La gestion sécuritaire de la pandémie : répétition générale de l’économie de guerre

De toute évidence, chaque État, depuis l’apparition de la pandémie, s’applique à blinder son pouvoir par l’instauration de mesures sécuritaires attentatoires à la liberté, décrétées sous prétexte de gestion de la crise sanitaire. Les dirigeants se sont amplement servis de l’opportune pandémie, politiquement instrumentalisée, pour aggraver les lois antisociales et durcir la dictature « ordinaire » étatique, renforcée par la militarisation de la société. Depuis 2020, les peuples du monde entier assistent, impuissants, à l’exécution d’un véritable « pronunciamiento sanitaro-sécuritaire » permanent.

Sans nul doute, l’internement des citoyens innocents en bonne santé, décrété au nom de la prétendue protection des personnes âgées et vulnérables (par ailleurs censément majoritairement vaccinées), à notre époque hautement technologique, censée être équipée d’infrastructures médicales de pointe, s’intègre dans le projet de la militarisation de la société, participe de la caporalisation des mentalités, autrement dit de l’assujettissement de l’ensemble de la population à l’économie de guerre fondée sur les restrictions politiques et privations alimentaires afin de favoriser le réarmement des États impérialistes, animés par une politique belliciste et une inclination à la confrontation militaire généralisée.

En réalité, depuis l’apparition de la pandémie de Covid-19, sous couvert de guerre virologique les classes dominantes mènent une guerre de classe aux classes populaires et aux prolétaires, mais surtout aux classes moyennes et petites bourgeoises, précipitées brutalement dans la paupérisation et la prolétarisation. Une fois cette guerre de classe, menée avec succès, achevée ; une fois la militarisation de la société et la caporalisation des esprits accomplies ; autrement dit, une fois le danger de sédition et d’insurrection circonscrit à l’intérieur des frontières, les dominants pourront envoyer aisément leurs populations asservies en dehors des frontières pour se battre sur les lignes de front, pour le grand bénéfice du capital.

Incontestablement, le monde est en voie d’« Ukrainasation », autrement dit chaque État impérialiste recèle quelque Poutine (Zelensky – Biden – Macron) va-t-en-guerre tapi dans les palais dorés présidentiels pour déclencher, attiser ou entretenir la guerre ; et une population conditionnée par l’idéologie militariste actionnée par quelque Poutine (Zelensky – Biden – Macron) pour, au nom de la défense de la patrie ou de la démocratie bourgeoise, se transformer en chair à canon.
Avec l’aggravation de la crise, accentuant l’exacerbation de la concurrence entre chaque capital national et blocs géostratégiques, la guerre généralisée constitue l’unique solution pour les puissances impérialistes rivales. Car la guerre impérialiste est une donnée permanente du capital et de l’impérialisme.

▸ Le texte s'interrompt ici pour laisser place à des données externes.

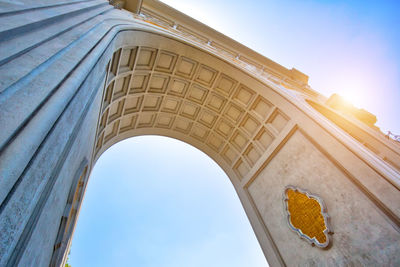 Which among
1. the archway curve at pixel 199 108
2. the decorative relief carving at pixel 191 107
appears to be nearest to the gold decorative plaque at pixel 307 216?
the archway curve at pixel 199 108

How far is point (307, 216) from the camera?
19.6ft

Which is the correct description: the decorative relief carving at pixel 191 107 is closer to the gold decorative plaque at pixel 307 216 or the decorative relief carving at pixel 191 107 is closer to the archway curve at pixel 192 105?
the archway curve at pixel 192 105

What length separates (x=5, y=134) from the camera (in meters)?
1.34

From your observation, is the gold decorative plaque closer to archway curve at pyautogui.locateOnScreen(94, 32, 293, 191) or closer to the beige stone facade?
the beige stone facade

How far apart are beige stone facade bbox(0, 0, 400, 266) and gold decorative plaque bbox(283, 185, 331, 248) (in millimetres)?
202

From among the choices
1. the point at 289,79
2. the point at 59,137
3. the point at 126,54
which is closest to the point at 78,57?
the point at 59,137

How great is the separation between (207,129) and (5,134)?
863 centimetres

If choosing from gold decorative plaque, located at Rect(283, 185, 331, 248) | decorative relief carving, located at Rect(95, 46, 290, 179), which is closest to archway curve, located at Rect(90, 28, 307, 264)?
decorative relief carving, located at Rect(95, 46, 290, 179)

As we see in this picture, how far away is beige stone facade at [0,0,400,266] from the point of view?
166cm

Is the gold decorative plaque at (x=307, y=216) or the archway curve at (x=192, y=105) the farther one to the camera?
the archway curve at (x=192, y=105)

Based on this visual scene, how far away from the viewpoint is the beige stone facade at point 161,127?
166cm

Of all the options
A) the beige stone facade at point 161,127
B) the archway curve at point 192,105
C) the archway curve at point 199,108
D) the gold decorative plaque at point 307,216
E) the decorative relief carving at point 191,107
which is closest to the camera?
the beige stone facade at point 161,127

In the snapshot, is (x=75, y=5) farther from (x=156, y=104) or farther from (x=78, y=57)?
(x=156, y=104)

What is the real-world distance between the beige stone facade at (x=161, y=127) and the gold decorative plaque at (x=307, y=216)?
0.20 m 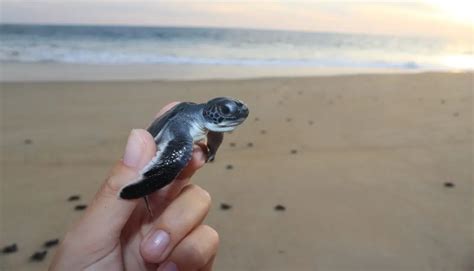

Militarisation de la société et caporalisation des esprits

Cette précipitation vers la guerre impérialiste généralisée se confirme par la décision de la Suède et de la Finlande, pays traditionnellement « neutres », de rejoindre l’OTAN, accentuant l’encerclement de la Russie, que Poutine voulait, pourtant, desserrer par l’invasion de l’Ukraine. Elle se confirme également par la décision de la majorité des États d’accroître substantiellement leurs dépenses militaires, de relancer leur industrie d’armement pour les pays producteurs d’armes. Elle se confirme, pareillement, par la résurgence des alliances politiques et militaires, induisant l’exacerbation des polarisations impérialistes. Elle se confirme par l’instauration de l’austérité économique, matérialisée par des politiques antisociales décrétées par les gouvernements, la flambée de l’inflation (véritable impôt payé par tous les travailleurs), par la recrudescence de la propagande politico-idéologique, illustrée par l’exhortation aux populations d’accepter des sacrifices, à consentir de réduire leur consommation pour soutenir l’effort de guerre.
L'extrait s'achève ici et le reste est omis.